Największe poparcie dla rządu Olafa Scholza w sprawie przekazania niemieckich czołgów Ukrainie wyrażają zwolennicy SPD (61 proc.), CDU/CSU (64 proc.), Zielonych (75 proc.) i FDP (55 proc.) Dostawy Leopardów odrzucają natomiast wyborcy AfD (89 proc.) i większość zwolenników partii lewicowych (57 proc.).
Niemcy podzieleni na zachód i wschód
Odmienne są także opinie respondentów z zachodniej i wschodniej części kraju. Na zachodzie dostawy czołgów są popierane przez większość (59 proc. za, 33 proc. przeciw), z kolei na wschodzie respondenci najczęściej je krytykują (35 proc. za, 57 proc. przeciw).
Zdania obywateli RFN co do konsekwencji dostarczenia czołgów na Ukrainę są również podzielone: 48 proc. uważa, że zwiększy to ryzyko rosyjskiego ataku na państwa zachodnie, tyle samo, bo 48 proc., nie obawia się tego. O zagrożeniu rosyjską inwazją najczęściej mówią zwolennicy AfD (75 proc.), rzadziej sympatycy Zielonych (33 proc.).
Dwie trzecie (68 proc.) ankietowanych uważa, że nowy minister obrony Boris Pistorius, który zgodził się wysłać czołgi, dobrze wykonuje swoje obowiązki. Na pozytywne efekty jego pracy czekają zwolennicy wszystkich partii.

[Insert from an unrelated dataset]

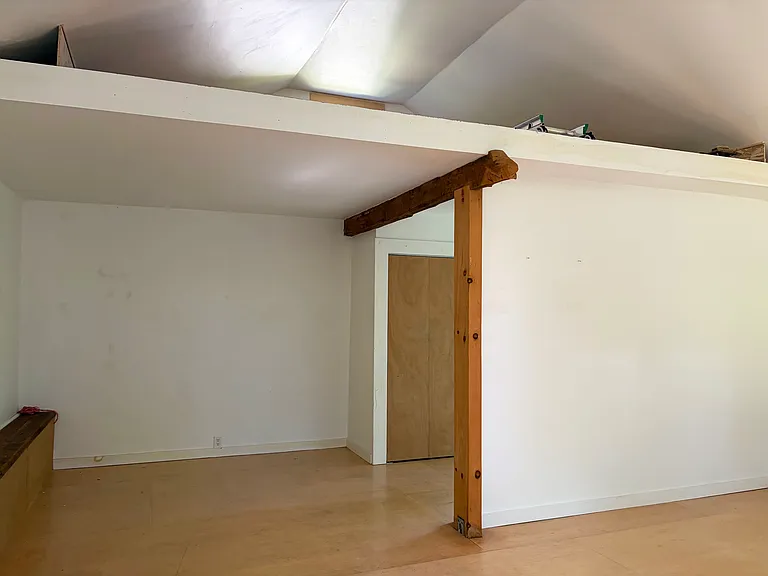Loft or storage space in studio.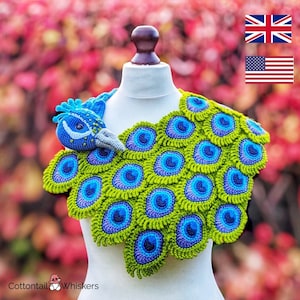 Crochet Peacock Shawl, PDF PATTERN ONLY, Feather Wrap Scarf, Amigurumi Bird Cowl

Ukraina dostanie czołgi Abrams i Leopard
26 stycznia Stany Zjednoczone i Niemcy ogłosiły, że dostarczą Ukrainie 31 czołgów Abrams M1 i 14 czołgów Leopard 2. Cała zachodnia koalicja pancerna ma obejmować także co najmniej 10 krajów europejskich, w tym Polskę. W sumie Kijów może otrzymać w najbliższych miesiącach ponad 100 maszyn.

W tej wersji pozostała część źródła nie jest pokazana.